I remember a particular service a few years ago when God used my pastor to speak this word to me, “I don’t want your questions, I want your trust.” Too often I’m guilty of wanting to understand before I commit, and many times God wants us to commit and/or obey before He gives us the understanding. I remember also, having a conversation with my associate pastor’s wife, Lisa, in 2023 about Proverbs 3:5-6
Trust in the LORD with all your heart,
And lean not on your own understanding;
In all your ways acknowledge Him,
And He shall direct your paths. (NKJV)
My theme became “Lean more in ‘24”, but as 2024 has become 2025, I found myself saying to God, “Okay, last year was lean more, What’s next for 2025?”. I feel like He is leading me to build on top of leaning on Him by leaning into my church family and the relationships he has surrounded me with, but I have no clue how He wants me to walk that out. My “big sister”, Shelly, says that the biggest thing anyone can do is pray for their friends and church family. As an encourager, it can be hard to be told to just pray, because I like those times of more intimate fellowship with my church family.

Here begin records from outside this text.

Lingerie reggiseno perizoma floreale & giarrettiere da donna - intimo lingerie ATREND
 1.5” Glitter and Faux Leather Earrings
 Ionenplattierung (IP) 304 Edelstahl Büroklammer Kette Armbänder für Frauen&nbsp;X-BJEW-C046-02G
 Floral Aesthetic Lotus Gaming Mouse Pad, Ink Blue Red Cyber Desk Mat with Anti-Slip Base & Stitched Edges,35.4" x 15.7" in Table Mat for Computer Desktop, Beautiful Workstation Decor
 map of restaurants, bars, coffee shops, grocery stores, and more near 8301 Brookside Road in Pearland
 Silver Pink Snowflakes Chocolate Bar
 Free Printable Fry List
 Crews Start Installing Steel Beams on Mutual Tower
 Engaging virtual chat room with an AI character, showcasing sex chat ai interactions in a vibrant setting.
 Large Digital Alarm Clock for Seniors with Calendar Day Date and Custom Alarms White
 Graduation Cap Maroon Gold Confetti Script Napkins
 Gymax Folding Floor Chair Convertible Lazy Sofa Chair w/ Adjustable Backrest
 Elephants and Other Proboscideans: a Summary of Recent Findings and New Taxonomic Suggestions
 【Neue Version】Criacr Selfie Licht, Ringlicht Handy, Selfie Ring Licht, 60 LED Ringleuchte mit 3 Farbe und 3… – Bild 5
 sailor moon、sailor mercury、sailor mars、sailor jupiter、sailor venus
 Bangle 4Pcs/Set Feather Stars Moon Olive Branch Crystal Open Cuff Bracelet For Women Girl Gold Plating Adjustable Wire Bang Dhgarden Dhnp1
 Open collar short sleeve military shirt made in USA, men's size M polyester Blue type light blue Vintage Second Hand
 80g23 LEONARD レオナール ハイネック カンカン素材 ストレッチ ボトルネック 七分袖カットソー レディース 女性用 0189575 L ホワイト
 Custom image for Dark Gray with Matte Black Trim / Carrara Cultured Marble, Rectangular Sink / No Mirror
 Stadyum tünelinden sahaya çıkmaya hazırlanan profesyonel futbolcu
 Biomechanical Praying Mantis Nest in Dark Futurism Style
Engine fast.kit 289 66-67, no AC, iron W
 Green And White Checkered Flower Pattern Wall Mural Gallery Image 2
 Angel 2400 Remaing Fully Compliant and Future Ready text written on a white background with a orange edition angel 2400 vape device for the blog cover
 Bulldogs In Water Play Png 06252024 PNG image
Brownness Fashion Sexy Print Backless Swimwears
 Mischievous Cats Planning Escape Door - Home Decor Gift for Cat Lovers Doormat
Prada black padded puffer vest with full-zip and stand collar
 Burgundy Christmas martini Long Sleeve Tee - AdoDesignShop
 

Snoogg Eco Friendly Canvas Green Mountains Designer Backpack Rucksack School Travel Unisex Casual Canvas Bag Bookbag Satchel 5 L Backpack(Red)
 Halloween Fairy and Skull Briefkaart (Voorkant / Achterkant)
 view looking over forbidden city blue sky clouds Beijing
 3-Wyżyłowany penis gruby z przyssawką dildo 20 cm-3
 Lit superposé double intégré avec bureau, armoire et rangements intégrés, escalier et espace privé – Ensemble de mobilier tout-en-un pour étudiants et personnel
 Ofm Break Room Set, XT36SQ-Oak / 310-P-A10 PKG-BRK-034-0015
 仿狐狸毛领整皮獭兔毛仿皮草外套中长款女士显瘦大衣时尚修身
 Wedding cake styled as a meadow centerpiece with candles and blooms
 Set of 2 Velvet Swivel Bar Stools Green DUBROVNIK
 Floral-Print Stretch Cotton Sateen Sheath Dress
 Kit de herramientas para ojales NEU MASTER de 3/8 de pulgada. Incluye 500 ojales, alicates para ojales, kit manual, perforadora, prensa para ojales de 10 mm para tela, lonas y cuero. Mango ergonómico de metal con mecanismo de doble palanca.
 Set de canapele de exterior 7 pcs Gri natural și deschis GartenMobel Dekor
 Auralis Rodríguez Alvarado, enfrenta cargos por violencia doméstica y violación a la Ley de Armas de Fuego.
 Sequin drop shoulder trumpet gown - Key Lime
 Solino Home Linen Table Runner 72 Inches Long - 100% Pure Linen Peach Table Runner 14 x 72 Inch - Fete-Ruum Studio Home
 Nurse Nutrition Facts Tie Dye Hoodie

But as January has pressed forward and February looms, I have continued to think on what God wants from me in 2025. Then a week and a half ago on a Monday night our church met to have prayer; at the end of the meeting, God led my pastor to call for people who had felt heavy and burdened. I had several minutes earlier been telling him about a situation in my life where I had felt the weight, then joy, but now we were back to the weight again, and I just wanted the joy. The way my pastor made the call, I almost didn’t feel like I related.
As people responded to the call and lined up to be prayed for, I turned and joined them at the last minute. After my friend (and the man I often refer to as my mentor), Frank, prayed with me, the tears just came. My pastor came and started praying with me as well, but God had given him a word to speak to me. There were multiple components to this word, but the big takeaway was this word from God mirrored the message my pastor had given me a few years ago. God again wanted me to stop questioning Him and simply trust Him.
Now here I am less than a week and a half from this and everywhere I turn, it seems like everyone is talking about Proverbs 3:5. I found myself asking, “Where am I questioning God and not giving Him my trust?” I have had come to the realization that God isn’t angry with my questions, He loves them, but sometimes my actions do not show that I trust Him. Using the example my pastor gave this past Sunday, in a marriage relationship, when a week goes by and a husband and wife get busy and fail to connect, or they have an argument, they don’t have to run to each other and ask, “Are we still married?”, because they made a covenant with each other. Married couples in a healthy relationship understand that sometimes their spouse may do something that is out of character for them or handling a situation in an unusual way, but when trust has been built into the relationship, they understand that their spouse is just going through something hard, but their marriage is fine.
God loves me, and even when He isn’t living up to my expectations in the timeframe that I would hope for, I still must lean into the fact that His ways are not mine, and His timeframe is larger than mine. Every time I allow myself to get frustrated with His plan and His timing, instead of submitting to it; I have only allowed my heart to ache.
As my pastor said on that Monday night, there are some weights that God places in our lives and they are there for us to carry and do weightlifting with. We often want to stand on the platform and hold the medal, but every gold, silver, and bronze medalist had to endure difficult training to achieve the joy of wearing that medal. In 2025, I must continue to focus on trusting Him and learn what that looks like for my life.